» Task input:
+++++
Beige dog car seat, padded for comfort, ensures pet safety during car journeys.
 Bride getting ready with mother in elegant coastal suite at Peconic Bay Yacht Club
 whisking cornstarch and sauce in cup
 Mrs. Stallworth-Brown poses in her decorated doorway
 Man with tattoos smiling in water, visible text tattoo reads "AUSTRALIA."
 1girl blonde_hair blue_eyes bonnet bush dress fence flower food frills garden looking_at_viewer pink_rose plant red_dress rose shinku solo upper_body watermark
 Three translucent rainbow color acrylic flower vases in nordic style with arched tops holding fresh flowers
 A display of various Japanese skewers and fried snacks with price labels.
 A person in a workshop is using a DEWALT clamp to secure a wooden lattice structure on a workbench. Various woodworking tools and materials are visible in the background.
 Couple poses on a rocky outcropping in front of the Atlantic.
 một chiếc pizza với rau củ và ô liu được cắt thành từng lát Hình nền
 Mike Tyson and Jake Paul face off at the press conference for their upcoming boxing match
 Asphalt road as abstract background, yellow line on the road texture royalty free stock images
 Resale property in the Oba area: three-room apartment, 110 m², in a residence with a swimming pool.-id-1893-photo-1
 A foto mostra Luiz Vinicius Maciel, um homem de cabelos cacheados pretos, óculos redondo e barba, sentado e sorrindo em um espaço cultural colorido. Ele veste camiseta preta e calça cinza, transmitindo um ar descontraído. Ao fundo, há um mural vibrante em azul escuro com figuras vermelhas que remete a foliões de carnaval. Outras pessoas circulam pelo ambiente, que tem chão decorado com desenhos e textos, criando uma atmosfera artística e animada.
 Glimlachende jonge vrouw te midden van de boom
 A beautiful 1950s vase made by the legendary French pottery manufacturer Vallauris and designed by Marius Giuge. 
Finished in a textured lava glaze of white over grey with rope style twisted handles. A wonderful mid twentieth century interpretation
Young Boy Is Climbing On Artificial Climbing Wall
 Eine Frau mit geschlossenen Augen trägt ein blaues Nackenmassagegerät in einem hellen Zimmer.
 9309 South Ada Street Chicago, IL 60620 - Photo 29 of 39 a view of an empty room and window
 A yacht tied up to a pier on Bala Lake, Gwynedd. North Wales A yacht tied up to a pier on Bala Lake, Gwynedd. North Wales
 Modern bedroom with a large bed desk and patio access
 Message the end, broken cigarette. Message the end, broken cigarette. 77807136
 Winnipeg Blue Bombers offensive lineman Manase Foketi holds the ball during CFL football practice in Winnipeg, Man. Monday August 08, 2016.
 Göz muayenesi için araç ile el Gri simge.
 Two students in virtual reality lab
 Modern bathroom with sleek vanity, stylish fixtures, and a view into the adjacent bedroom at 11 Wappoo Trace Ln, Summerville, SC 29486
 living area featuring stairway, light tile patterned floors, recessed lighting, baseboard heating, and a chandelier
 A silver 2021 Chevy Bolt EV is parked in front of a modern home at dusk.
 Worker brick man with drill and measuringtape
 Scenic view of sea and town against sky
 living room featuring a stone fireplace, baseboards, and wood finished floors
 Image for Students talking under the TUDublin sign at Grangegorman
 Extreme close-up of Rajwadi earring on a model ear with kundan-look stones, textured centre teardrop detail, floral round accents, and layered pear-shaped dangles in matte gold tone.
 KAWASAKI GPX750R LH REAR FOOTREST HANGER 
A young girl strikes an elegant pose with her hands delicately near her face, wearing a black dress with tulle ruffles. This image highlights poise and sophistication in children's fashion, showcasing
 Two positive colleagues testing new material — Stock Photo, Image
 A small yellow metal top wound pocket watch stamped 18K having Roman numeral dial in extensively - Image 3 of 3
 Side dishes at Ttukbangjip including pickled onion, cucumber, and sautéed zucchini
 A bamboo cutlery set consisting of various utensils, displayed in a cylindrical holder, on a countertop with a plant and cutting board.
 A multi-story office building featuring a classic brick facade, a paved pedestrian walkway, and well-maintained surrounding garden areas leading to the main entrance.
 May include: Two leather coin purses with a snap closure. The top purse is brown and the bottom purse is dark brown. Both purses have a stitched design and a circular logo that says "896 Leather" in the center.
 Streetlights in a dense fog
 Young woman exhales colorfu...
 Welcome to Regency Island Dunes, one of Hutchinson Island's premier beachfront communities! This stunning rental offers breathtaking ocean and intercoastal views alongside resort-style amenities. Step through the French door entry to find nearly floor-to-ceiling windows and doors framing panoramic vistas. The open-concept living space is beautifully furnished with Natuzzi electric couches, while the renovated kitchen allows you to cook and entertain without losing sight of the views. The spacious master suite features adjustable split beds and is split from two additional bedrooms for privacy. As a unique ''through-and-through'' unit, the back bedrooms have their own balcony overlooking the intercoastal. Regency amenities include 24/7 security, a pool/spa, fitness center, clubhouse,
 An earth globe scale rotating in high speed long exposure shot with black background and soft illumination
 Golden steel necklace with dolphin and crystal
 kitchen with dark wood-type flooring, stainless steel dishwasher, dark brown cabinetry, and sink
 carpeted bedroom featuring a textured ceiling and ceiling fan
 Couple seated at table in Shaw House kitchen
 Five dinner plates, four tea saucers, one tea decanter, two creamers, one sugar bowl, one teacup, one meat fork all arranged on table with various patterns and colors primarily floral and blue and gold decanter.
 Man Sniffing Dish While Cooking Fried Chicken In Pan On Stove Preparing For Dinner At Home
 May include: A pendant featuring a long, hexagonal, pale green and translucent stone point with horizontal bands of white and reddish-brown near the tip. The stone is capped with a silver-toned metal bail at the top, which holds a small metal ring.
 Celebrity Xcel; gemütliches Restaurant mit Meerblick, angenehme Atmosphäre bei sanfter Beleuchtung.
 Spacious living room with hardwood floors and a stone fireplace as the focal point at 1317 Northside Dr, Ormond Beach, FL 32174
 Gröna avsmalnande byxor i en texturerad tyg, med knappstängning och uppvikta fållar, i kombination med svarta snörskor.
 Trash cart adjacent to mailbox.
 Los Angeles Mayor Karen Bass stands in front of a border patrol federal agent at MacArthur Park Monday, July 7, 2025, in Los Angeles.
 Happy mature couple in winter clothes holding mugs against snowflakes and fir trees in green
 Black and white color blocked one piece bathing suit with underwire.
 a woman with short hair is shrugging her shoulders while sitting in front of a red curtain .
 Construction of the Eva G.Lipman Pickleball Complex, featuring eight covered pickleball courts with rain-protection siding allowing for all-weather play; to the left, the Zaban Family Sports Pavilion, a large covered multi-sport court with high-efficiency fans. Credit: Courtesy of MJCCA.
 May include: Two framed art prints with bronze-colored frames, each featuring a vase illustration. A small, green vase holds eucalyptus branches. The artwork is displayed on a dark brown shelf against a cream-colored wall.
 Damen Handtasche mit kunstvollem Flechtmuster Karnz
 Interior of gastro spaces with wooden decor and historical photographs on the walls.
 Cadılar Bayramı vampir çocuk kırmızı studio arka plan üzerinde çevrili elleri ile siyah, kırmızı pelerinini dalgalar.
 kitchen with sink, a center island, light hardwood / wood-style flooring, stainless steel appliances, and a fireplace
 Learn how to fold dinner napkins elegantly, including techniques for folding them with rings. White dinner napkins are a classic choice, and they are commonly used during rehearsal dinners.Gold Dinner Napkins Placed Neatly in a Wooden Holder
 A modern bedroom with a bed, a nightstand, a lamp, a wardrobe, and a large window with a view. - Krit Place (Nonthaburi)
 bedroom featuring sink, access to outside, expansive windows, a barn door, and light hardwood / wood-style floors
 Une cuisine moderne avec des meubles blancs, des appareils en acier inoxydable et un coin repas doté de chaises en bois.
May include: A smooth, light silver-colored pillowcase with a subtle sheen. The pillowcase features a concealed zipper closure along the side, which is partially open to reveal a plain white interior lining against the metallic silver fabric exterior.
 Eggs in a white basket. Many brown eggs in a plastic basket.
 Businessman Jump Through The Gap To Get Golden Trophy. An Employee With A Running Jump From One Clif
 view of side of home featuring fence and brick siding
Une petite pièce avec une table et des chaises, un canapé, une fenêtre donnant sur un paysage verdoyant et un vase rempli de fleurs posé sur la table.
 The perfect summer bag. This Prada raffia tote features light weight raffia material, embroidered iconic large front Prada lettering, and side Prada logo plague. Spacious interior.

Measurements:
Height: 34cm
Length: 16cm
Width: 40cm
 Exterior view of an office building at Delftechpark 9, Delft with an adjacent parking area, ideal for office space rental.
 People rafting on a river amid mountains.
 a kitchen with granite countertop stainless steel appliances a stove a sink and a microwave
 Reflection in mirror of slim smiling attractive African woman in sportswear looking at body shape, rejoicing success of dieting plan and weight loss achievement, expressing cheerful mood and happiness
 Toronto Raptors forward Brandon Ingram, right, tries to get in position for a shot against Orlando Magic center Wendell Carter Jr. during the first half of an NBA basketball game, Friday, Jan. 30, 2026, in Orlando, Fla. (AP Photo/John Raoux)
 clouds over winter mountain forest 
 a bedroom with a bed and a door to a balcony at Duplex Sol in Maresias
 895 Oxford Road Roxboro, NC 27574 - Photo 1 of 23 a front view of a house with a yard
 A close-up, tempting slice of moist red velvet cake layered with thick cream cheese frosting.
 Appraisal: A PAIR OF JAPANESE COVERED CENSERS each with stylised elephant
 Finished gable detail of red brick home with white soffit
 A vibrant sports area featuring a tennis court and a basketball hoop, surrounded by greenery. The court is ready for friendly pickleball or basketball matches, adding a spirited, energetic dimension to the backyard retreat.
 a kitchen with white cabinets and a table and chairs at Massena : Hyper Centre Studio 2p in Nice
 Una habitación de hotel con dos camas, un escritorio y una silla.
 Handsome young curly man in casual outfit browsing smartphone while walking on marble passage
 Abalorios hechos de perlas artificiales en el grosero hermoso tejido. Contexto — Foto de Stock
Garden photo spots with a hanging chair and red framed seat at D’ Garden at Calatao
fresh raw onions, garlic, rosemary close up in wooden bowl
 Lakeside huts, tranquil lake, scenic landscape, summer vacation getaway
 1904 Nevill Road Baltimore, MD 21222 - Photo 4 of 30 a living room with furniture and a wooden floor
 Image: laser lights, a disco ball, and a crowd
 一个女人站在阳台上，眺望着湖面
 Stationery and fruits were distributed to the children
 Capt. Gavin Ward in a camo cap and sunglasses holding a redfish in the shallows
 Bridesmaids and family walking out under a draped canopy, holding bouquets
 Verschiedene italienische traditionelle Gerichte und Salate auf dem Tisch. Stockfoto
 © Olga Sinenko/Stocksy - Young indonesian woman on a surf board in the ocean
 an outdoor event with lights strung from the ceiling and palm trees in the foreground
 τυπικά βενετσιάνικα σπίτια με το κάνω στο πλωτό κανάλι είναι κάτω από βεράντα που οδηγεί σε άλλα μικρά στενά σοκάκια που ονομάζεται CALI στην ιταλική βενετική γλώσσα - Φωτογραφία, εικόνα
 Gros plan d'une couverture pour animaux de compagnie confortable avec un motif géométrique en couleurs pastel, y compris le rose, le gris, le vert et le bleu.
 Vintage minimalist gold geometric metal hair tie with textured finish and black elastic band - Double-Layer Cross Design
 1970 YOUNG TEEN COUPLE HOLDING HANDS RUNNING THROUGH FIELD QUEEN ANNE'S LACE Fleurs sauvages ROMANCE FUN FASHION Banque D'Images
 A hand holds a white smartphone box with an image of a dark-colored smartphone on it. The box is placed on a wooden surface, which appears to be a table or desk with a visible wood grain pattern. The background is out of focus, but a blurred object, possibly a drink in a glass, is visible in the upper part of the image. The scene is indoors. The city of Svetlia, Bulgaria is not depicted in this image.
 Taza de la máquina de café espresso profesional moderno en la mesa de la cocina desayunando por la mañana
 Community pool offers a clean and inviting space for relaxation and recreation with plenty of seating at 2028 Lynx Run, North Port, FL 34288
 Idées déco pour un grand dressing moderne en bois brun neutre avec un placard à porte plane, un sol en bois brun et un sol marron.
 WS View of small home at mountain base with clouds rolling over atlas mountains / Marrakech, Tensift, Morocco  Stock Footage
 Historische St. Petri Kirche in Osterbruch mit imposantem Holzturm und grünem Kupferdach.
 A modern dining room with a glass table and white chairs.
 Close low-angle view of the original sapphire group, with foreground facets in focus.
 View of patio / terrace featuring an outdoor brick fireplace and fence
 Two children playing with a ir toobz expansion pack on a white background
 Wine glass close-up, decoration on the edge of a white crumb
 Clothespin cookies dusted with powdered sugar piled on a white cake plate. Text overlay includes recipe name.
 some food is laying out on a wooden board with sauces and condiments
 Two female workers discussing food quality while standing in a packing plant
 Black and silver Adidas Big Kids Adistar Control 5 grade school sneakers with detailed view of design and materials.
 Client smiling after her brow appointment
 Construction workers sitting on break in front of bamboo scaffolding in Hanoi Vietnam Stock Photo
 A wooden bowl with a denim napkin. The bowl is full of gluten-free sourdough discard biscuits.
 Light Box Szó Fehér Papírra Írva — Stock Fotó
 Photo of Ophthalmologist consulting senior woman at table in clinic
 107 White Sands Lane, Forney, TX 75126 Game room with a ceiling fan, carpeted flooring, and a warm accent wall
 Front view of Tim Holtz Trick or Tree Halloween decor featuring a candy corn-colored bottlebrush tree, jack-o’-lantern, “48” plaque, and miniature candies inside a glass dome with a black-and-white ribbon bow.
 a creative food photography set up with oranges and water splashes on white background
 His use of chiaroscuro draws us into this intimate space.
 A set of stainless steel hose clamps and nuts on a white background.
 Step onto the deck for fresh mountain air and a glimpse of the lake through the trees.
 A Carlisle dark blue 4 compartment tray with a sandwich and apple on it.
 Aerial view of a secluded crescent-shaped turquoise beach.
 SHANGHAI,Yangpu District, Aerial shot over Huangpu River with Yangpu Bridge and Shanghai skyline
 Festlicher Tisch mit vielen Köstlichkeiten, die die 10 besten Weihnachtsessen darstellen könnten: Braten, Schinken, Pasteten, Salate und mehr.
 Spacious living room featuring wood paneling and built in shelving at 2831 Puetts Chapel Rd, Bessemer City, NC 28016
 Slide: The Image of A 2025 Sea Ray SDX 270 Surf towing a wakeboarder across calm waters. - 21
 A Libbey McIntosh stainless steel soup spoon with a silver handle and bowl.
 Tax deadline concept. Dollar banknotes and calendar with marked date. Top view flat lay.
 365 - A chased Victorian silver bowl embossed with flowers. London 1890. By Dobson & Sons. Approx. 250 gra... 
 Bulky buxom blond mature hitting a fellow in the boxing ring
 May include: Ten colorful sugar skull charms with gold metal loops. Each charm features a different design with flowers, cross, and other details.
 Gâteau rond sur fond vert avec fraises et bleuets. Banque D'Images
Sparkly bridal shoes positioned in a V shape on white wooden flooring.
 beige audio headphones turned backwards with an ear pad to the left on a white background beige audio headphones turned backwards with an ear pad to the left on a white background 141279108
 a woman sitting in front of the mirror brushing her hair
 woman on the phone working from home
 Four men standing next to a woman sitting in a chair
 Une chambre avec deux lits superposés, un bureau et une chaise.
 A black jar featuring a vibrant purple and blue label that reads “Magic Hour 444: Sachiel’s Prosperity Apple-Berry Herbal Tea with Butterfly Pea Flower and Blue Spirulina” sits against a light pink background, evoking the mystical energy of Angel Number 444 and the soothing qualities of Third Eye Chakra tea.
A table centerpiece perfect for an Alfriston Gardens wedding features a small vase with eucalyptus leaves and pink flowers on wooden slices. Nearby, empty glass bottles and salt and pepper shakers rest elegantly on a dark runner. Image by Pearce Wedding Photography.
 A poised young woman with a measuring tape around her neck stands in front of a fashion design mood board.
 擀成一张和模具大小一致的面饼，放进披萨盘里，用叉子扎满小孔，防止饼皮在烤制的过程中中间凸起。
+++++
» Exercise instructions: Retype exactly the lines of the data above, starting at its first line and finishing with the line that has "Resale property in" in it.

» Expected answer:
Beige dog car seat, padded for comfort, ensures pet safety during car journeys.
 Bride getting ready with mother in elegant coastal suite at Peconic Bay Yacht Club
 whisking cornstarch and sauce in cup
 Mrs. Stallworth-Brown poses in her decorated doorway
 Man with tattoos smiling in water, visible text tattoo reads "AUSTRALIA."
 1girl blonde_hair blue_eyes bonnet bush dress fence flower food frills garden looking_at_viewer pink_rose plant red_dress rose shinku solo upper_body watermark
 Three translucent rainbow color acrylic flower vases in nordic style with arched tops holding fresh flowers
 A display of various Japanese skewers and fried snacks with price labels.
 A person in a workshop is using a DEWALT clamp to secure a wooden lattice structure on a workbench. Various woodworking tools and materials are visible in the background.
 Couple poses on a rocky outcropping in front of the Atlantic.
 một chiếc pizza với rau củ và ô liu được cắt thành từng lát Hình nền
 Mike Tyson and Jake Paul face off at the press conference for their upcoming boxing match
 Asphalt road as abstract background, yellow line on the road texture royalty free stock images
 Resale property in the Oba area: three-room apartment, 110 m², in a residence with a swimming pool.-id-1893-photo-1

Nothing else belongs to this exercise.